To determine the specificity and activity of the morpholinos designed to block the splicing of particular plxnD1 exons, we isolated total mRNA from un-treated embryos, control and plxnD1 morphants at 28–32 hpf (morphants made with 4.6 ng of the corresponding morpholino) and performed reverse transcription-PCR (RT-PCR) with primer pairs designed to amplify cDNA fragments containing the plxnD1 exons targeted in the plxnD1 morphants. Aberrant splicing of the targeted plxnD1 exons was observed only in the corresponding plxnD1 morphants, but not in either control or in the nonequivalent plxnD1 morphant. In addition, the amounts of properly spliced plxnD1 mRNA were significantly reduced in both plxnD1 morphants, with the reduction being more pronounced in plxnD13207-3462 morphants (see below), correlating with their somewhat stronger vascular guidance phenotype (data not shown).
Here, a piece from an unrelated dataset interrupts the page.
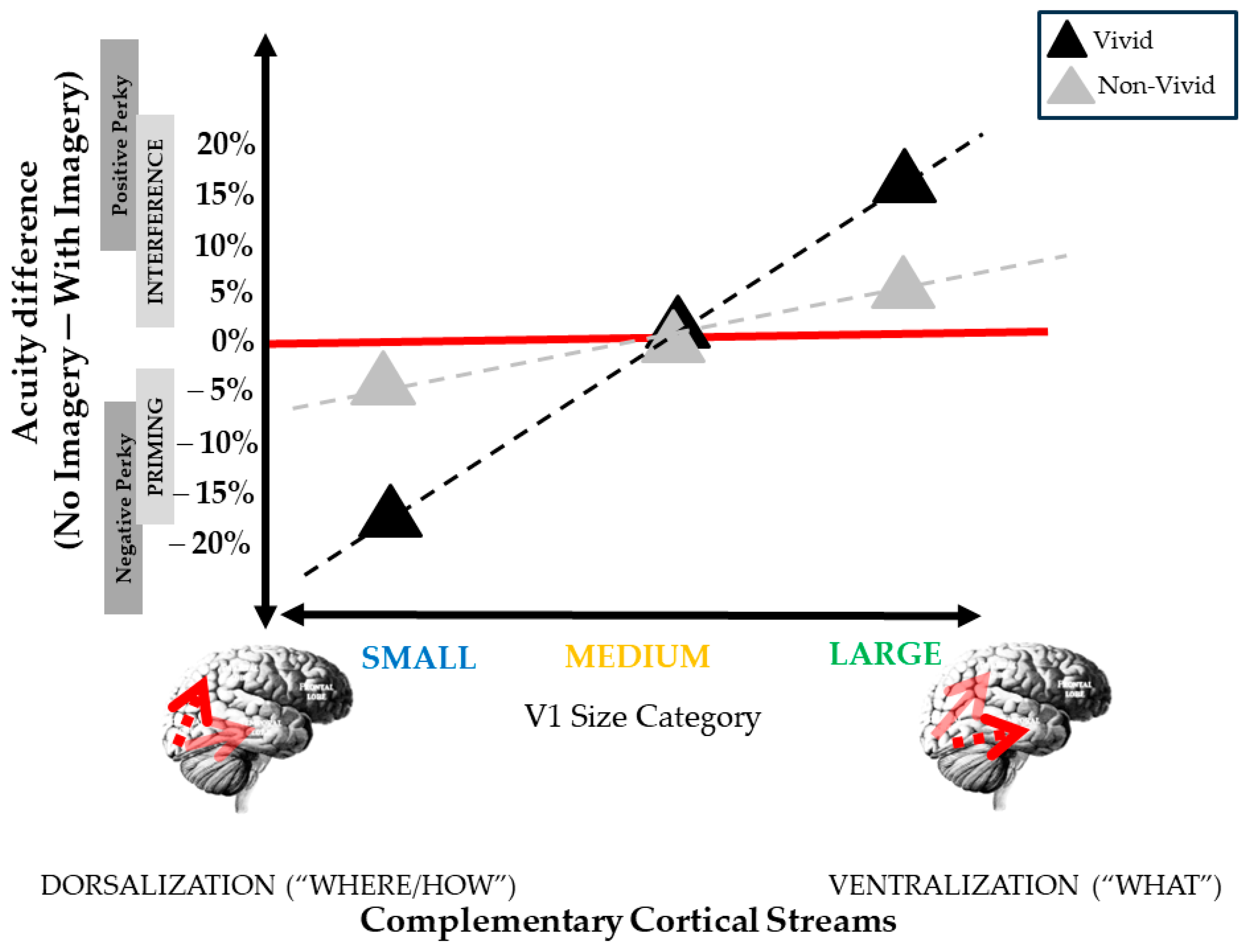 Information 15 00059 g001 Information 15 00059 g001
Normal Splicing of plxnD1 mRNA Is Substantially Reduced in plxnD1 Morphants

In red: DNA molecular weight markers “t” (1 Kb ladder) and “h” (100 bp). RT-PCR reactions products from untreated embryos (1), control morphants (2), plxnD12215-2304 morphants (3), and plxnD13207-3462 morphants (4).
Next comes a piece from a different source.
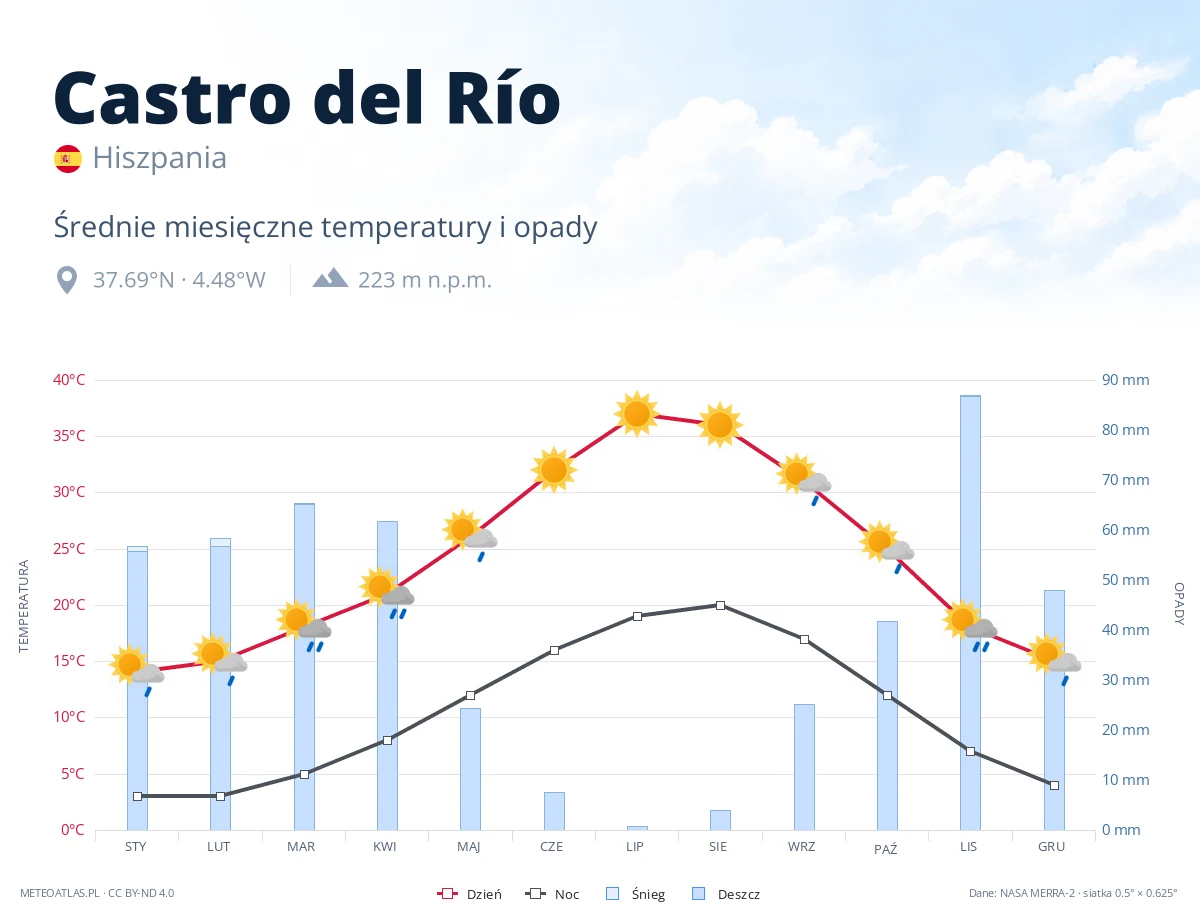 Castro del Río - średnie miesięczne temperatury i opady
In blue: Legend refers to the exon or cDNA fragment being amplified from the indicated gene by RT-PCR. For the plxnD13207-3462 morphants, two different sets of primer pairs were used for the RT-PCR reactions, expected to yield a band of 547 bp (plxnD1 3207-3462A) or a product of 933 bp (plxnD1 3207-3462B). Asterisks mark the RT-PCR reactions showing aberrant splicing. Yellow arrowheads point to the band of RT-PCR product corresponding to normal plxnD1 mRNA splicing reactions in the plxnD1 morphants.

Specificity and Efficiency of the sema3A1 Morpholino

The inhibitory effect on translation of sema3A1 mRNA by the sema3A15’UTR morpholino has been previously established (Shoji et al., 2003) using an almost identical morpholino and was therefore not assayed.
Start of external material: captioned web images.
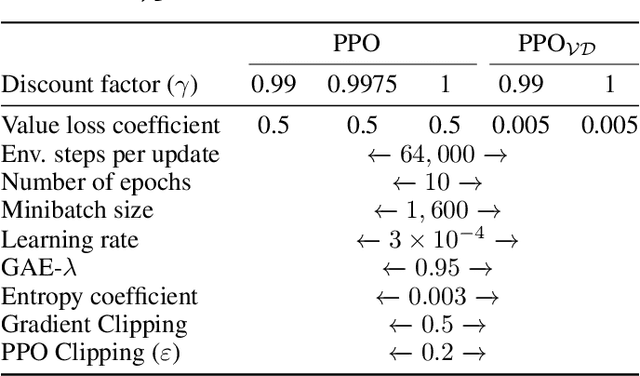 Figure 4 for Challenges to Solving Combinatorially Hard Long-Horizon Deep RL Tasks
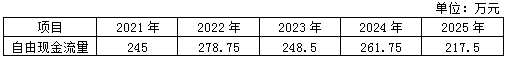 2021年高級(jí)會(huì)計(jì)師考試案例分析11.23
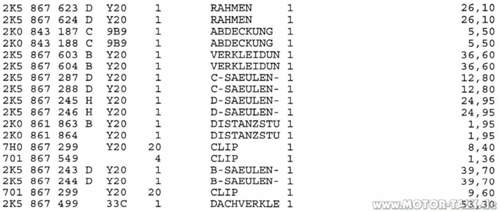 Teileliste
Section 3 Injection of plxnD1 Morpholinos into obd Mutants

To further test the identity between plxnD1 and obd, we injected the plxnD12215-2304 morpholino into embryos derived from mating obdfov01b homozygous mutants with heterozygous obdfs31 fish carrying an endothelial-specific GFP reporter. The vascular phenotype of plxnD1 morphants and double obd mutants-plxnD1 morphants is undistinguishable from that of obd mutants. The lack of enhancement of the obd phenotype by the plxnD1 morpholino further supports the idea that these obd alleles represent loss of function mutations in the plxnD1 gene.

Rescue of obd Mutants

Demonstrating phenotypic rescue of a mutant by the corresponding wild type gene is desirable as evidence for identification of the correct gene, and we attempted to rescue obd mutants by injection of either in vitro synthesized plxnD1 mRNA or DNA expression constructs that use the CMV promoter to drive plxnD1 overexpression. Both of these methods have serious technical limitations for mutants like obd (exhibiting late phenotypes) and these attempts were not successful. Injected mRNA is rapidly degraded within zebrafish embryos and the obd phenotype appears relatively late (at approximately 1 day postfertilization), making it unlikely that any injected plxnD1 transcript remains intact when its function is normally required. Injected DNA expression constructs can deliver mRNA at later stages of development but expression is mosaic with only a small fraction of cells in the animal showing expression. Our currently available tools and methods do not allow us to score rescue in a few isolated cells. Future rescue attempts will use transgenic tools to drive tissue-specific gene expression in a nonmosaic manner.